Örneğin Bandırma körfezi ya da Saroz’da ya da İskenderun körfezinde,
hangi tonajlarda, hangi boyda teknelerle hangi türlerin ne kadar avlandığını
bilmeden, bu bölgelerin ve teknelerin av kayıtlarının yıllık ortalamalarına
sahip olmadan, bölgesel olarak yapılan avcılık çeşitleri ve bu avcılığı
gerçekleştiren avcı gemilerinin gerçek av kapasiteleri hakkında bilgi sahibi
olmadan bir filo planlaması yapmak mümkün olmayacaktır.
Filo yönetimini ve kapsamını belirleyecek bir başka
parametre ise göçmen stoklar ve yerel stoklar üzerindeki avcılığa ait yapılması
gereken planlamadır. Karadeniz’de hamsi, Ege’de sardalye ve kolyoz yine Marmara
ve Karadeniz’de yapılacak istavrit avcılığı için kota sitemine geçilmeli ve
sistem tür başına lisans ve kota uygulaması ile desteklenmelidir.
Biz gerçekten stokların sürdürülebilirliği için filo
küçültmek ancak bir filo ve stok yönetimi projesinin içinde yer aldığında anlam
kazanacak ve sonuç alınabilecektir.
Filo küçültme;
Sızdırılan filo küçültme kararının ayrıntıları tam belli
olmasa da bile (130.000.000 Tl ödenek ile 200 teknelik bir sayısal indirimden söz
ediliyor) bir zor alımın söz konusu olmadığı, balıkçının kendi rızası ile
teknesini satacağı varsayımı ile hazırlanmış bir proje ile karşı karşıyayız.

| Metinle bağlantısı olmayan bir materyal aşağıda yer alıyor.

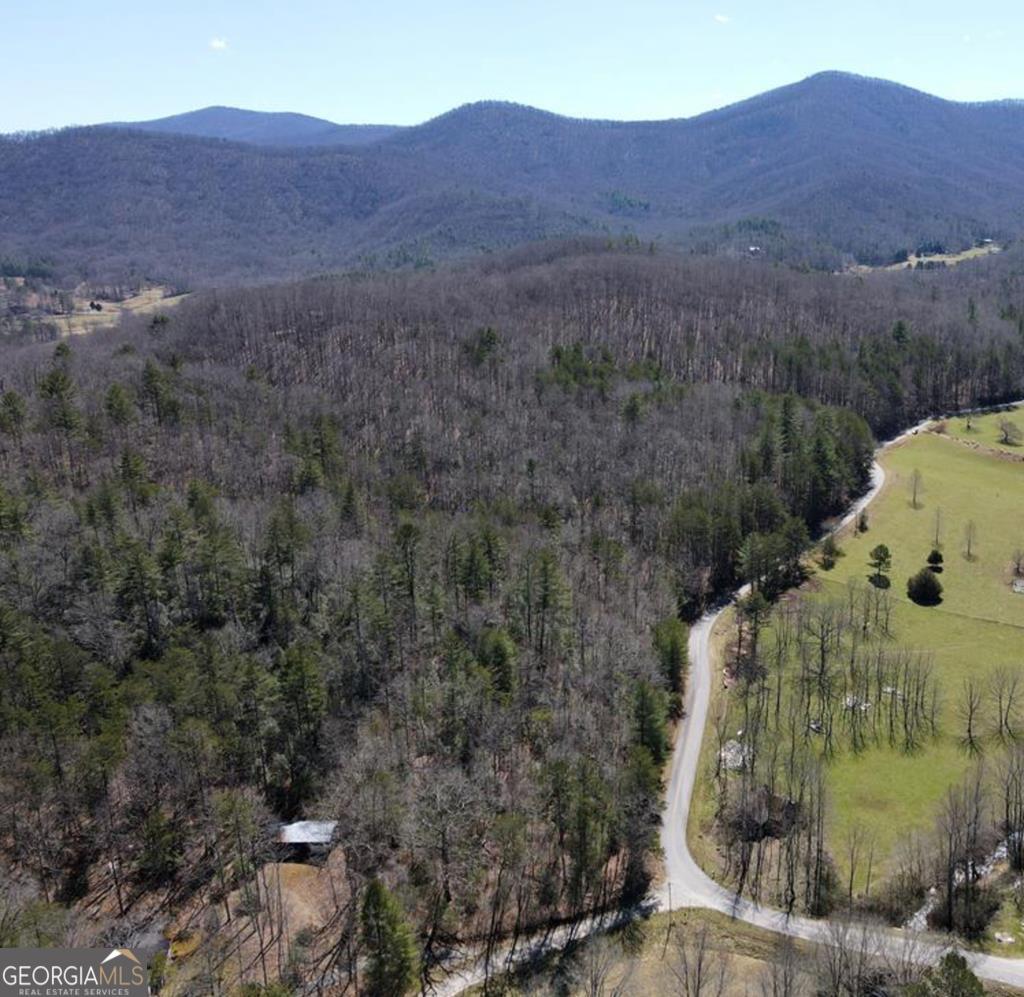 38.56 ACRES Mount Pleasant Church RD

İlk haberde sözü edilen 12 metre üstü tekneler ibaresini bir kenara koyarsak
hangi bölgelerden hangi tür tekne sayısında indirime gidileceği hala muğlaktır.
Bütün feryat figana rağmen satılık tekne sayısı endüstriyel avcı filosunun %5’ini
bile oluşturmamaktadır. Satılık olduğu söylenen tekneler ise bir başkasının
avcılık yapmasına yönelik olarak satışa çıkan teknelerdir ve istenen ücretler
göreceli olarak değerlerinden yüksektik. Bu yüksekliği meydana getiren olgu
ise, teçhizat ve teknenin ederinin yanı sıra av ruhsatından doğan maliyettir.
Böyle bir ortamda büyük balıkçıların tekne ve ruhsatlarının devlete
devredilmesine teşvik edilmesi gerekecektir. Neredeyse hiçbir büyük balıkçı av
takımını ve ruhsatını devletin öngördü fiyatlarla devretmeye yanaşmayacaktır.
Filo küçültmenin sadece tekne sayısının düşürülmesi ile
sınırlandırılmaması gerekir. Motor gücü, tekne boyu, av araç ve donanımlarının
küçültülmesi ve taşıyıcı gemiler ve yardımcı ekipmanlarda da bir küçülme teşvik
edilmeli, görece büyük tekneler küçülmeye yönlendirilmelidir.
Sonuç olarak konuyu toparlamaya çalışırsak;
Filo küçültmeye düşüncesi ve söylemini av kapasitemizi
düşürme ve filo yönetimi stratijisi ile değiştirmemiz gerekir. Meseleye buradan
baktığımız andan itibarense yapmamız gereken “hadi biraz tekne alıp filodan
çekelim” değil, av baskısının düşürülmesi için bir mastır plan hazırlamak ve o
planı hayata geçirebilmek için bilim insanları, balıkçılık bürokrasisi ve
balıkçı örgütleri ile birlikte süreci yönetecek yapı ve yapıları inşa etmektir.
Ben gerçekten yanlış anlamış ve yanlış yorumlamış olmayı
umuyorum. Aksi taktir de “hiç te küçük
olamayan bir kaynak israf edilmiş olacak”, hukuki değilse de vicdani ve
ahlaki sorumluluğu sırasıyla, Siyasi irade, İcracı bakanlık ve Genel
Müdürlüğümüzün omuzlarına yüklenmiş olacaktır.